■ **HOW TO COMPLETE THIS TASK**
The expected answer is every line of the material, reproduced exactly.

■ **GIVEN DATA**
----
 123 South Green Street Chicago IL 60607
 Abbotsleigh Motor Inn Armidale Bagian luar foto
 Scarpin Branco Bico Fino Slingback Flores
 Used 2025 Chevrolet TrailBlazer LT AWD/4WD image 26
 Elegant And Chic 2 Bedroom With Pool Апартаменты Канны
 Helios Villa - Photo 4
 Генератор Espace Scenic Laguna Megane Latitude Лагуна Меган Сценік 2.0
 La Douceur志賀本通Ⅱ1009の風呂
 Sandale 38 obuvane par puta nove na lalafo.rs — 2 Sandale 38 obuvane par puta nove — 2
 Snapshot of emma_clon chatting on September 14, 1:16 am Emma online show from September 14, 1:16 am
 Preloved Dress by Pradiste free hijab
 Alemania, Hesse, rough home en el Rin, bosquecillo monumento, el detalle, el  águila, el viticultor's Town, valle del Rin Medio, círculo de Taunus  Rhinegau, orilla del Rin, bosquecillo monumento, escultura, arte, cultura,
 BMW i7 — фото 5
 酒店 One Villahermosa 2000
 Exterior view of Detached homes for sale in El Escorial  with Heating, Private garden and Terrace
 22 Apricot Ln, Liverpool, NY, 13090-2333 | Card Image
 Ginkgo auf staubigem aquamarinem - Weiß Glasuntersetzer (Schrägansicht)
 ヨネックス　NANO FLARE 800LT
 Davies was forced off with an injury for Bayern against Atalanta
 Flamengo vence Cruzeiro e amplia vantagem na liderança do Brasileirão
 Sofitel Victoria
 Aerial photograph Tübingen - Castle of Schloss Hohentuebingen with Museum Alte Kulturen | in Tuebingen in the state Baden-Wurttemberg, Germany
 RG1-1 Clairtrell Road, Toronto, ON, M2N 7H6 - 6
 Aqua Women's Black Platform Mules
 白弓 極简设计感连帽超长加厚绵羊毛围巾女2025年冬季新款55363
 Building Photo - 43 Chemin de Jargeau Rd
----
■ **ANSWER SECTION**
 123 South Green Street Chicago IL 60607
 Abbotsleigh Motor Inn Armidale Bagian luar foto
 Scarpin Branco Bico Fino Slingback Flores
 Used 2025 Chevrolet TrailBlazer LT AWD/4WD image 26
 Elegant And Chic 2 Bedroom With Pool Апартаменты Канны
 Helios Villa - Photo 4
 Генератор Espace Scenic Laguna Megane Latitude Лагуна Меган Сценік 2.0
 La Douceur志賀本通Ⅱ1009の風呂
 Sandale 38 obuvane par puta nove na lalafo.rs — 2 Sandale 38 obuvane par puta nove — 2
 Snapshot of emma_clon chatting on September 14, 1:16 am Emma online show from September 14, 1:16 am
 Preloved Dress by Pradiste free hijab
 Alemania, Hesse, rough home en el Rin, bosquecillo monumento, el detalle, el  águila, el viticultor's Town, valle del Rin Medio, círculo de Taunus  Rhinegau, orilla del Rin, bosquecillo monumento, escultura, arte, cultura,
 BMW i7 — фото 5
 酒店 One Villahermosa 2000
 Exterior view of Detached homes for sale in El Escorial  with Heating, Private garden and Terrace
 22 Apricot Ln, Liverpool, NY, 13090-2333 | Card Image
 Ginkgo auf staubigem aquamarinem - Weiß Glasuntersetzer (Schrägansicht)
 ヨネックス　NANO FLARE 800LT
 Davies was forced off with an injury for Bayern against Atalanta
 Flamengo vence Cruzeiro e amplia vantagem na liderança do Brasileirão
 Sofitel Victoria
 Aerial photograph Tübingen - Castle of Schloss Hohentuebingen with Museum Alte Kulturen | in Tuebingen in the state Baden-Wurttemberg, Germany
 RG1-1 Clairtrell Road, Toronto, ON, M2N 7H6 - 6
 Aqua Women's Black Platform Mules
 白弓 極简设计感连帽超长加厚绵羊毛围巾女2025年冬季新款55363
 Building Photo - 43 Chemin de Jargeau Rd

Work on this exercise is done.